Apparatus and method for determining position of target object in wlan environment   

Abstract: An apparatus and method for determining the position of a target object in a wireless local area network (WLAN) environment are provided. According to the apparatus and method, it is possible for a user to easily identify each neighboring target object and to precisely select any desired neighboring target object. Therefore, it is possible to improve user convenience.

This application claims the benefit under 35 U.S.C. §119(a) of Korean Patent Application No. 10-2010-0131574, filed on Dec. 21, 2010, in the Korean Intellectual Property Office, the entire disclosure of which is incorporated herein by reference for all purposes.

1. Field

The following description relates to a technique of determining the position of a target object, and more particularly, to an apparatus and method for determining the position of a target object in a wireless local area network (WLAN) environment.

2. Description of the Related Art

In a wireless local area network (WLAN) environment such as, for example, Bluetooth, terminals may be represented simply by their names, and thus may not be precisely identified or selected unless their exact names are known.

More specifically, in a case in which there is only one neighboring terminal that communicates with a predetermined terminal in a WLAN environment, a user of the predetermined terminal may not have difficulty choosing a terminal to communicate with. However, if there are multiple neighboring terminals in the WLAN environment, it is necessary to properly represent the neighboring terminals and thus to help the user of the predetermined terminal to easily identify and select a desired terminal from among the neighboring terminals.

SUMMARY

The following description relates to a technique of determining the position of a target object in a wireless local area network (WLAN) environment in which multiple terminals exist so that a user may easily identify the target object from among the multiple terminals.
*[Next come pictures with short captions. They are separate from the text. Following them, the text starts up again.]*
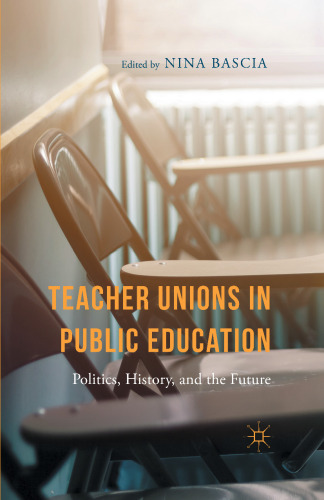 Teacher Unions in Public Education: Politics, History, and the Future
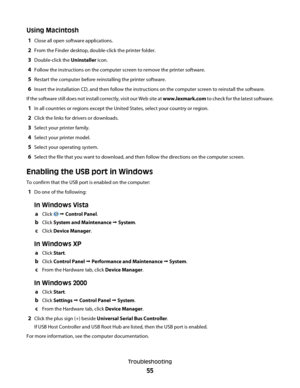 Page 55Using Macintosh
1Close all open software applications.
2From the Finder desktop, double-click the printer folder.
3Double-click the Uninstaller icon.
4Follow the instructions on the computer screen to remove the printer software.
5Restart the computer before reinstalling the printer software.
6Insert the installation CD, and then follow the instructions on the computer screen to reinstall the software.
If the software still does not install correctly, visit our Web site at www.lexmark.com to check for...
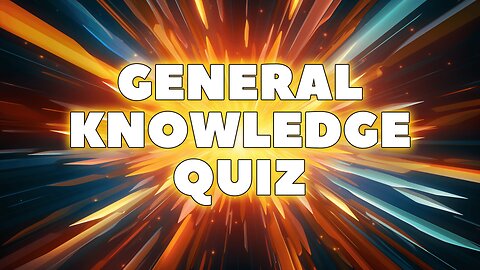 Quiz on General Knowledge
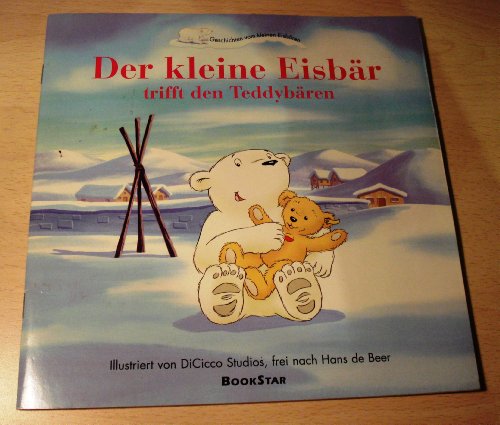 Beispielbild fr Geschichten vom kleinen Eisbren - Der kleine Eisbr trifft den Teddybr zum Verkauf von PRIMOBUCH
The following description also relates to a technique of determining the position of a target object in a WLAN environment in which multiple terminals exist so that a user may easily select the target object from among the multiple terminals.
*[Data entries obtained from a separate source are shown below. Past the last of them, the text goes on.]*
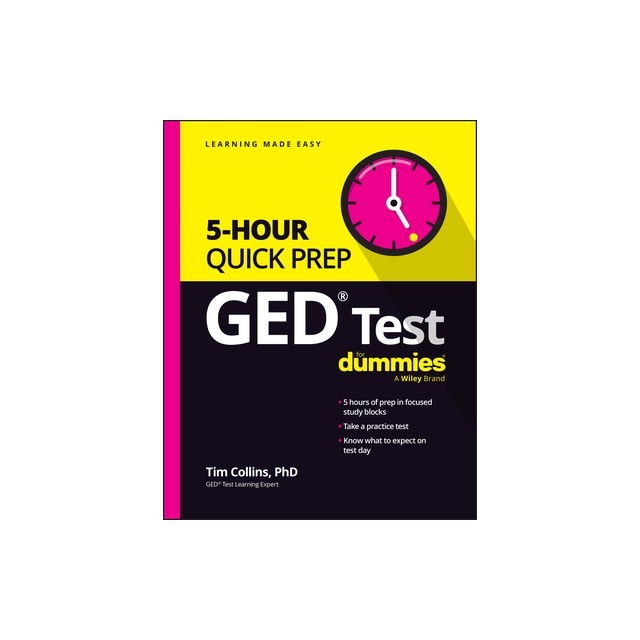 GED Test 5-Hour Quick Prep for Dummies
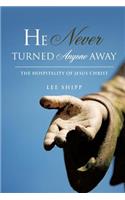 He Never Turned Anyone Away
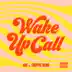 Wake Up Call (feat. Trippie Redd) song reviews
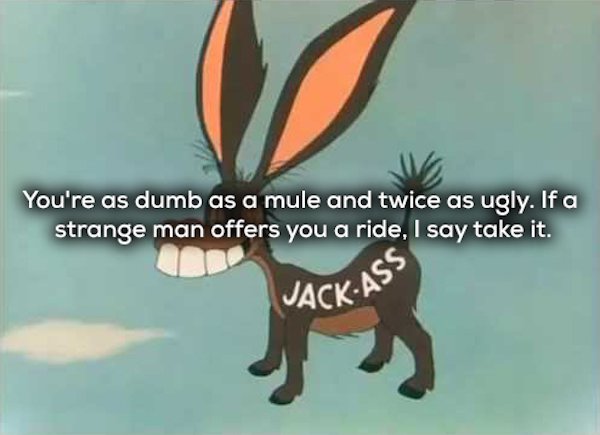 falling hare jackass - You're as dumb as a mule and twice as ugly. If a strange man offers you a ride, I say take it. Jack As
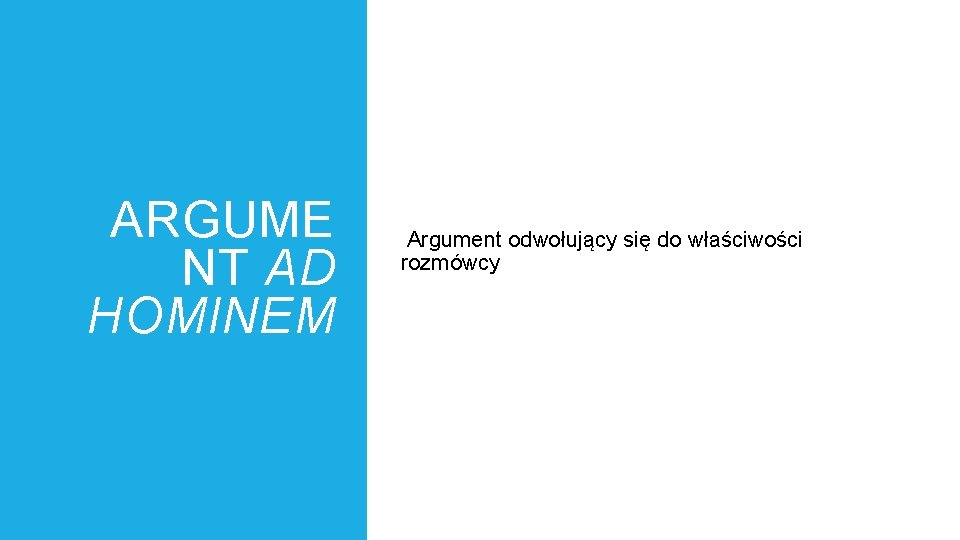 ARGUME NT AD HOMINEM Argument odwołujący się do właściwości rozmówcy 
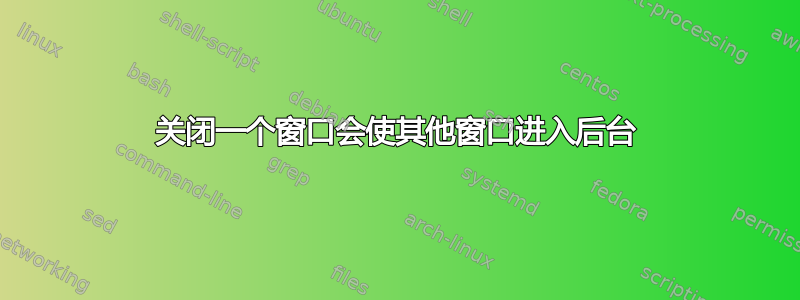 关闭一个窗口会使其他窗口进入后台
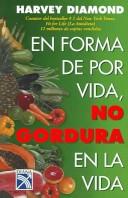 En forma de por vida, no gordura en la vida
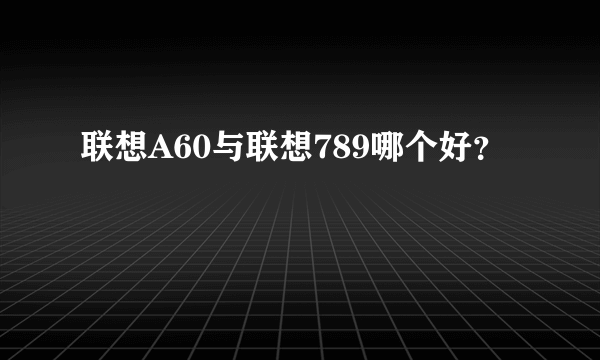 联想A60与联想789哪个好？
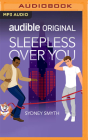 Sleepless Over You By Sydney Smyth, Teddy Hamilton (Read by), Robbie Martino (Read by) Cover Image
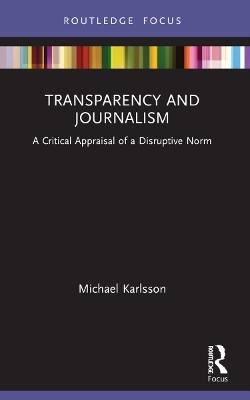 Transparency and Journalism - Michael Karlsson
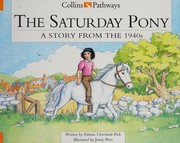 Cover of: The Saturday pony by Hilary Minns, Chris Lutrario, Barrie Wade, Patricia Cleveland-Peck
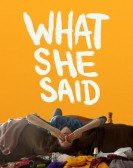 poster_what-she-said_tt9595816.jpg Free Download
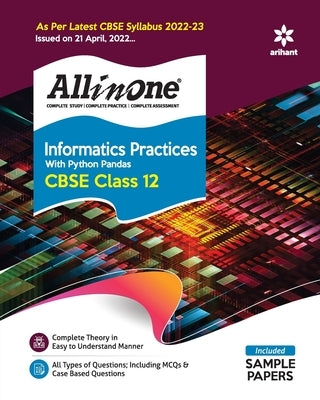 CBSE All In One Informatics Practices with Python Pandas Class 12 2022-23 Edition (As per latest CBSE Syllabus issued on 21 April 2022) by Gaikwad, Neetu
In one general aspect, there is provided an apparatus for determining the position of a target object in a wireless local area network (WLAN) environment, including: a direction determination unit configured to determine directions of one or more neighboring target objects based on one or more wireless signals that are transmitted by the neighboring target objects; a is distance determination unit configured to determine distances of the neighboring target objects based on the wireless signals; and a target position display unit configured to display position information of the neighboring target objects, including the determined directions and the determined distances.

The apparatus may further include a target object selection unit configured to select one of the neighboring target objects in response to user manipulation.
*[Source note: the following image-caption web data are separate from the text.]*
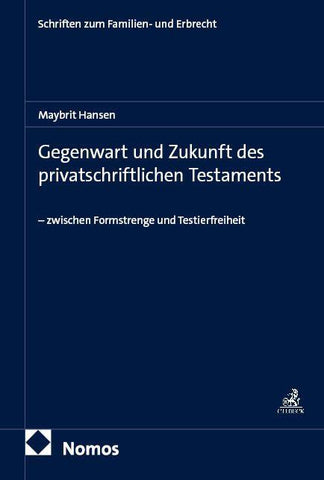 Gegenwart und Zukunft des privatschriftlichen Testaments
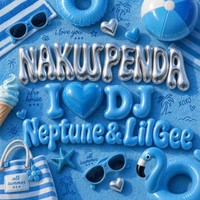 Nakupenda - I Love You (DJ Neptune & LilGee Remix) (Dirty)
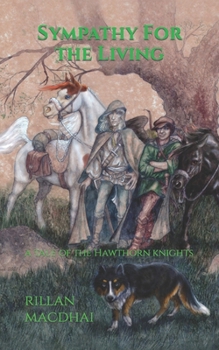 Paperback Sympathy For the Living: A Tale of the Hawthorn Knights Book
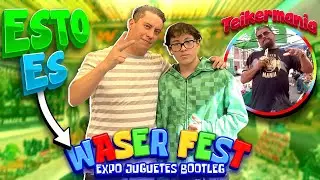 JUGUETES BOOTLEG EN EL WASER FEST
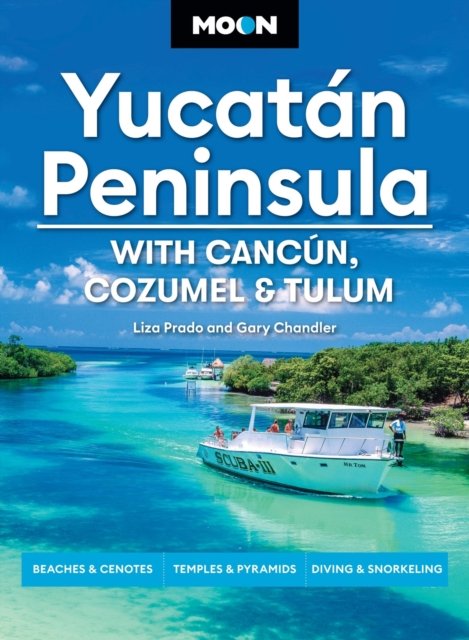 Cover for Gary Chandler · Moon Handbooks: Yucatan Peninsula: With Cancun, Cozumel &amp; Tulum, Moon (Hæftet bog) (2024)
The apparatus may further include a communication unit configured to communicate with the selected neighboring target object.

The direction determination unit may include an arrival angle estimation module configured to estimate angles of arrival of the wireless signals and a direction determination module configured to determine directions of the neighboring target objects based on the estimated arrival angles.

The distance determination unit may include a signal intensity measurement module configured to measure intensities of the wireless signals and a distance determination module configured to determine the distances of the neighboring target objects based on the measured wireless signal intensities.

The target position display unit may be further configured to qualitatively display the position information of the neighboring target objects.

The target position display unit may be further configured to qualitatively display the position information of the neighboring target objects by using arrows to represent the directions of the neighboring target objects and using bars of various lengths to represent the distances of the neighboring target objects.

The target position display unit may be further configured to display identification information of the neighboring target objects.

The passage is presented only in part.